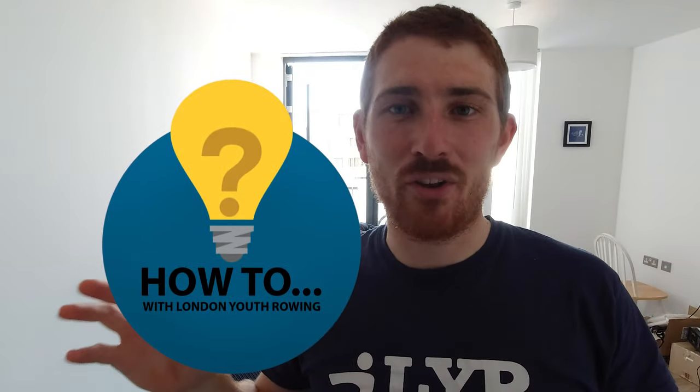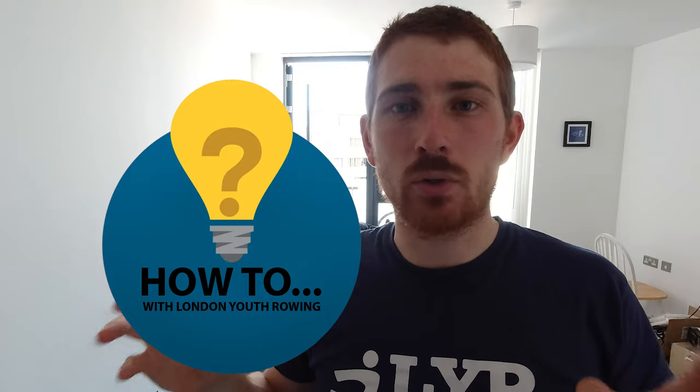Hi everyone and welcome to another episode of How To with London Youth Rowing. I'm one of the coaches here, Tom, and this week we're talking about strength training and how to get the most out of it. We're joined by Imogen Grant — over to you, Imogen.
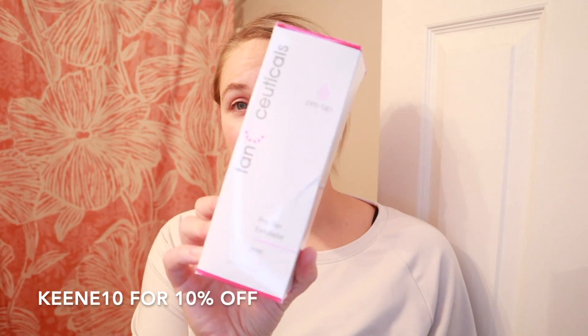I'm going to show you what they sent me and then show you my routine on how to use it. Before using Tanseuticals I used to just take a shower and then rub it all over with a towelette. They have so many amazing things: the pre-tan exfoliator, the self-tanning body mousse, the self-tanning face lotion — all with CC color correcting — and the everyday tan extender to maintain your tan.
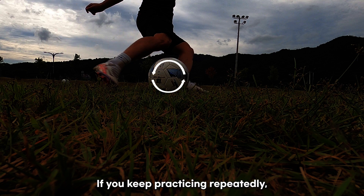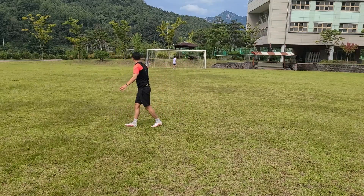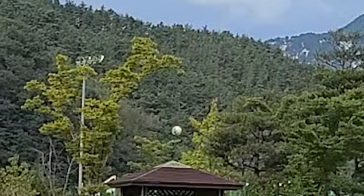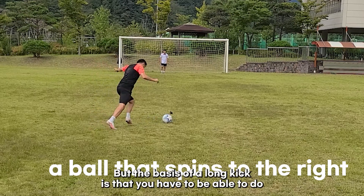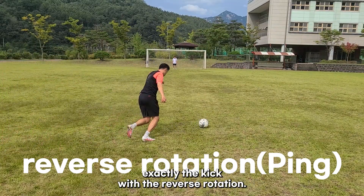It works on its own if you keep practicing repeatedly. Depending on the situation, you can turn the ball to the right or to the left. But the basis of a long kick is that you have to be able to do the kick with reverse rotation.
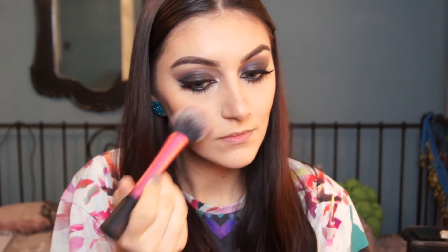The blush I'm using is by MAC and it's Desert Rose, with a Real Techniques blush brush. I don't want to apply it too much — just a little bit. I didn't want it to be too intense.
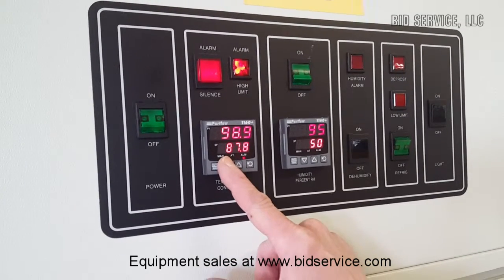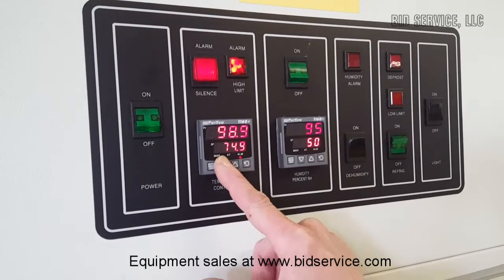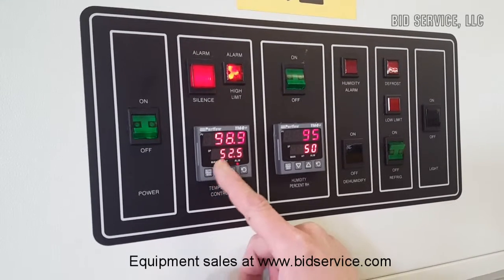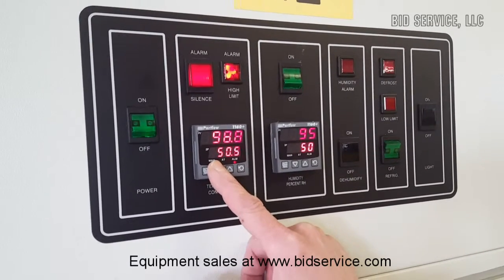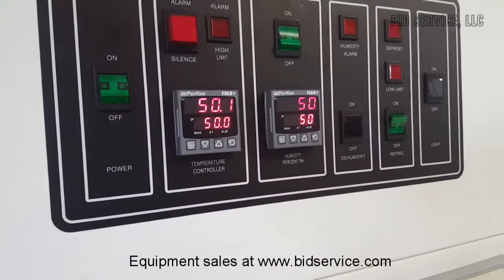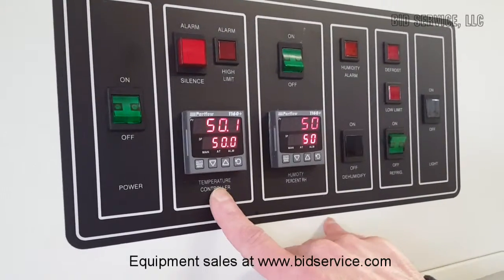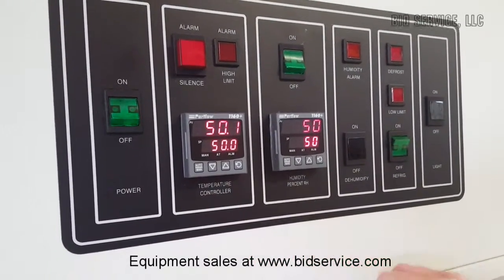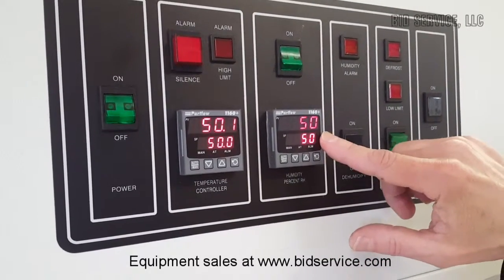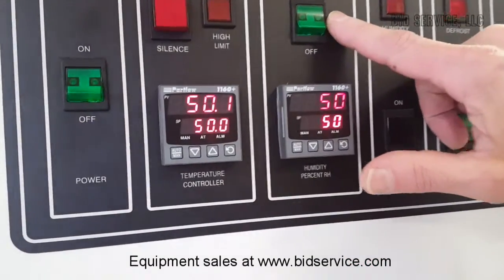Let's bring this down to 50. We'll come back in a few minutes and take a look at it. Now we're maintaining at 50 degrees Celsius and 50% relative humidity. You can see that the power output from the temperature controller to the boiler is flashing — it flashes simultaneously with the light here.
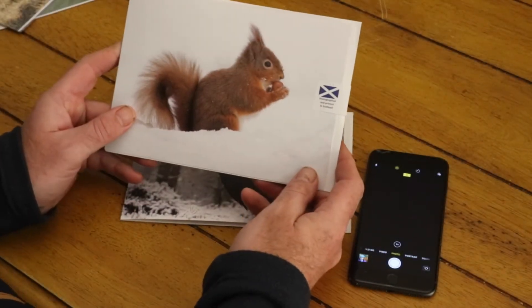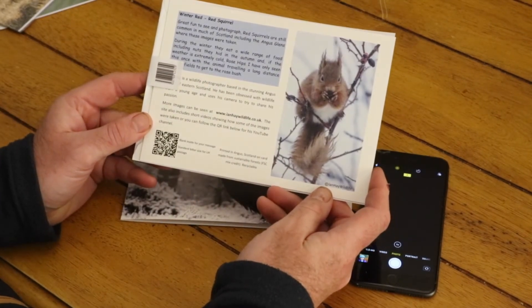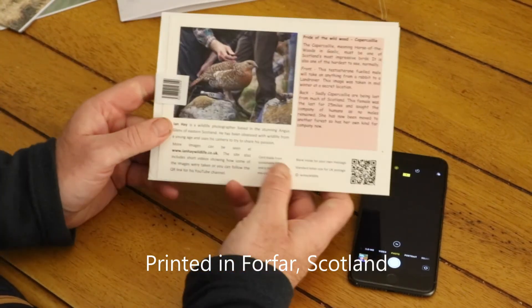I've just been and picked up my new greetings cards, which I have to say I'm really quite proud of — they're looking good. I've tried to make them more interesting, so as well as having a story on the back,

======

Exercise instructions
The material must be returned exactly, with its pictures omitted.

Solution to the problem
Hi everyone and welcome to another episode of How To with London Youth Rowing. I'm one of the coaches here, Tom, and this week we're talking about strength training and how to get the most out of it. We're joined by Imogen Grant — over to you, Imogen.
I'm going to show you what they sent me and then show you my routine on how to use it. Before using Tanseuticals I used to just take a shower and then rub it all over with a towelette. They have so many amazing things: the pre-tan exfoliator, the self-tanning body mousse, the self-tanning face lotion — all with CC color correcting — and the everyday tan extender to maintain your tan.
It works on its own if you keep practicing repeatedly. Depending on the situation, you can turn the ball to the right or to the left. But the basis of a long kick is that you have to be able to do the kick with reverse rotation.
The blush I'm using is by MAC and it's Desert Rose, with a Real Techniques blush brush. I don't want to apply it too much — just a little bit. I didn't want it to be too intense.
Let's bring this down to 50. We'll come back in a few minutes and take a look at it. Now we're maintaining at 50 degrees Celsius and 50% relative humidity. You can see that the power output from the temperature controller to the boiler is flashing — it flashes simultaneously with the light here.
I've just been and picked up my new greetings cards, which I have to say I'm really quite proud of — they're looking good. I've tried to make them more interesting, so as well as having a story on the back,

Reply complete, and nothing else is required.